### PROBLEM
In the material below, begin at the line that has "Carcasa de Aluminio", stop after the line that has "San Giorgio Alban", and transcribe those lines exactly, without pictures.

### RECORDS FOR THE TASK
◇ ◇ ◇

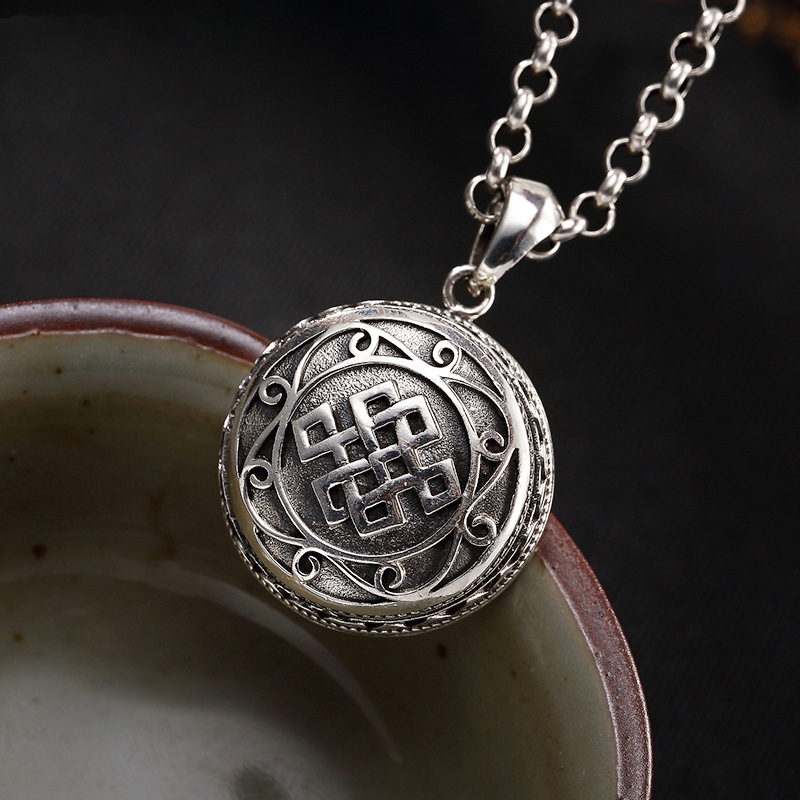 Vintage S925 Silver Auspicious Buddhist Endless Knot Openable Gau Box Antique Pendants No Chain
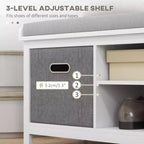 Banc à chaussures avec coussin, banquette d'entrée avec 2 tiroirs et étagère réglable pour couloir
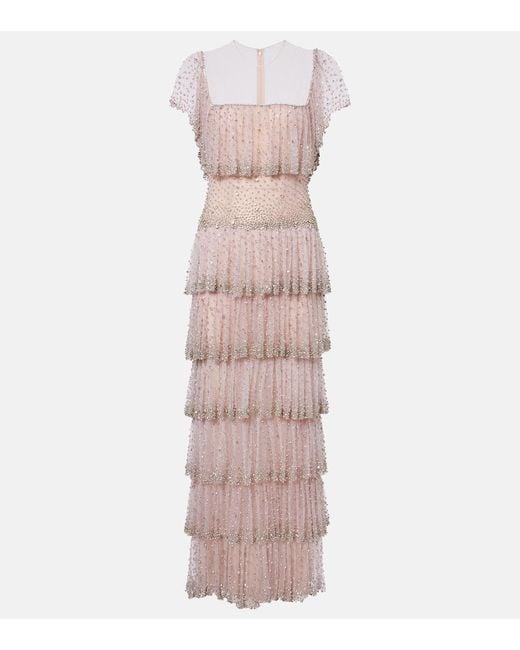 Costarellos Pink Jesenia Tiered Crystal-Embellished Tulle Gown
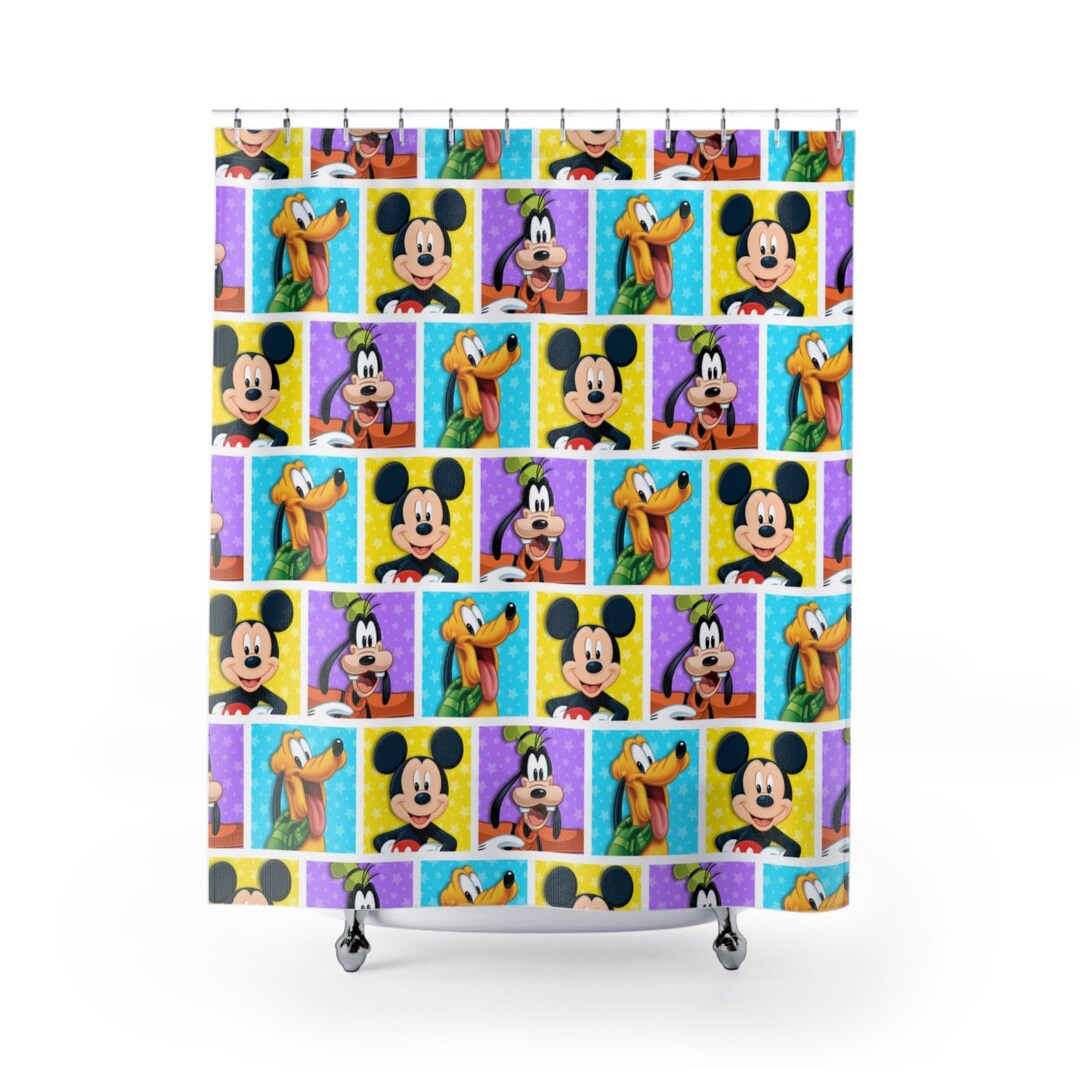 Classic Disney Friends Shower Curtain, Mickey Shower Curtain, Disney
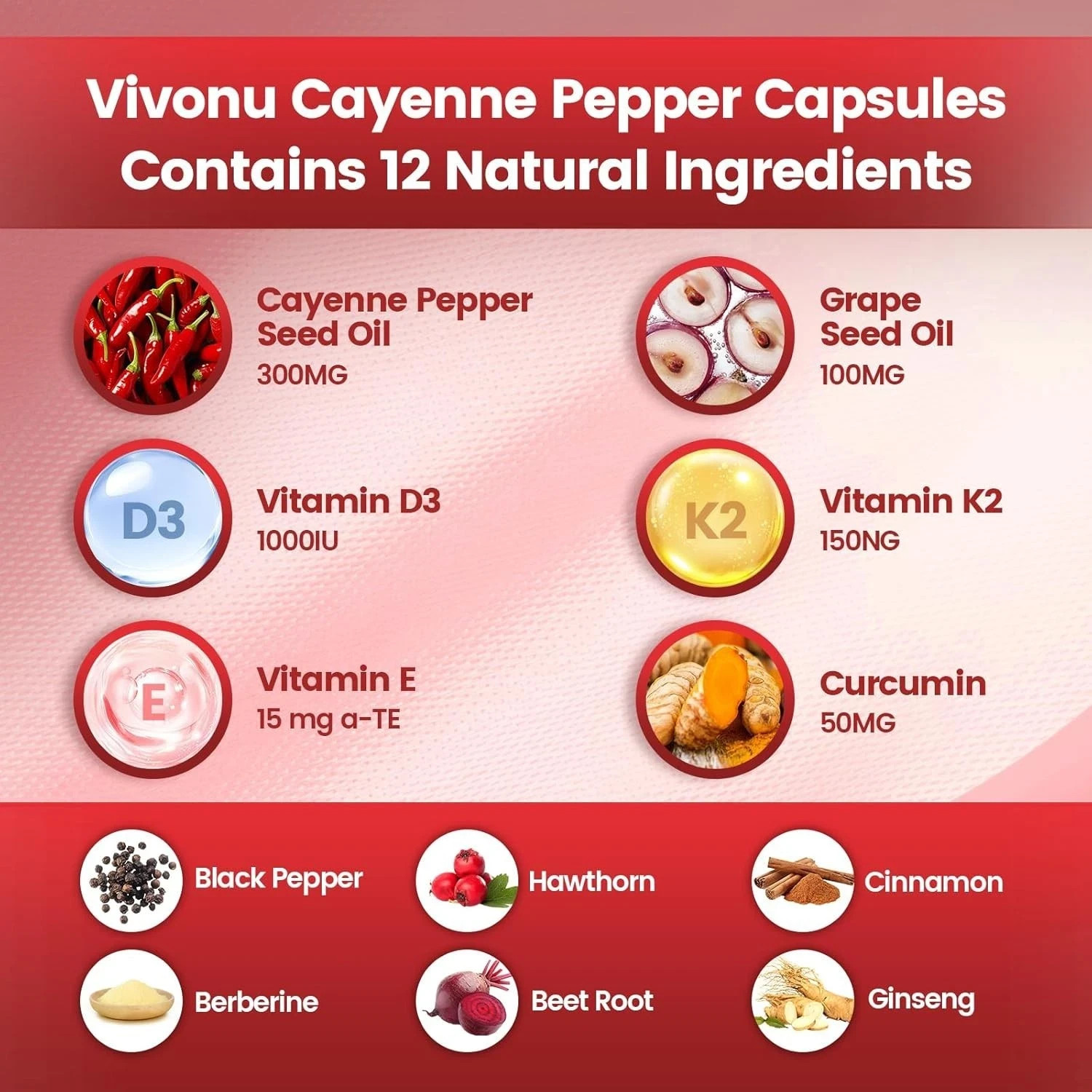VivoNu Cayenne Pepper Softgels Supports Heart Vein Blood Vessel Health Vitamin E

◇ ◇ ◇

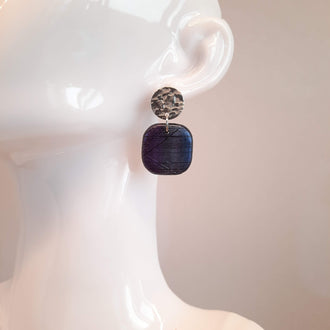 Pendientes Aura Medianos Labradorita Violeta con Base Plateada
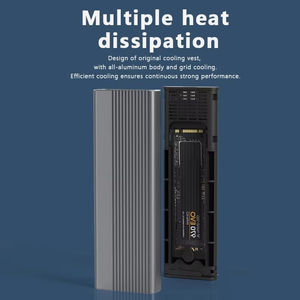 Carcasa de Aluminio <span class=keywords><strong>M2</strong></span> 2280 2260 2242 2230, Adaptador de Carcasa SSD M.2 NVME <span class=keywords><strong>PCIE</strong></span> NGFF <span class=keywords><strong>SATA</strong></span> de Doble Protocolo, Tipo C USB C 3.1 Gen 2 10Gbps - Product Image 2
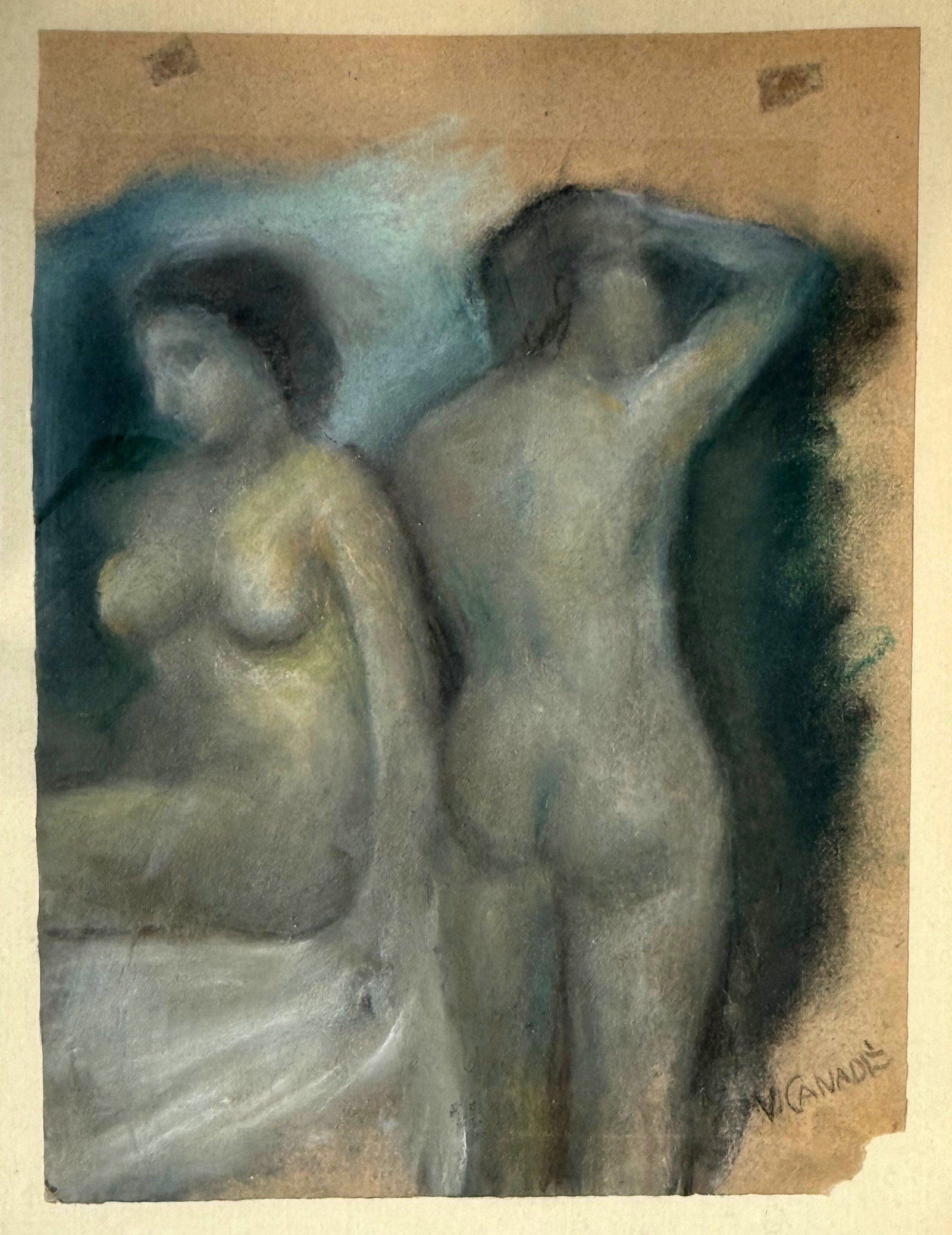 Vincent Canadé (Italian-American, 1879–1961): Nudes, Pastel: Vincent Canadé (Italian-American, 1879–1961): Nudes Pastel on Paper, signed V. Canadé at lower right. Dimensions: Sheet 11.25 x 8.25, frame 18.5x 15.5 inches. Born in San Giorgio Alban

◇ ◇ ◇

### SOLVED EXERCISE
 Carcasa de Aluminio <span class=keywords><strong>M2</strong></span> 2280 2260 2242 2230, Adaptador de Carcasa SSD M.2 NVME <span class=keywords><strong>PCIE</strong></span> NGFF <span class=keywords><strong>SATA</strong></span> de Doble Protocolo, Tipo C USB C 3.1 Gen 2 10Gbps - Product Image 2
 Vincent Canadé (Italian-American, 1879–1961): Nudes, Pastel: Vincent Canadé (Italian-American, 1879–1961): Nudes Pastel on Paper, signed V. Canadé at lower right. Dimensions: Sheet 11.25 x 8.25, frame 18.5x 15.5 inches. Born in San Giorgio Alban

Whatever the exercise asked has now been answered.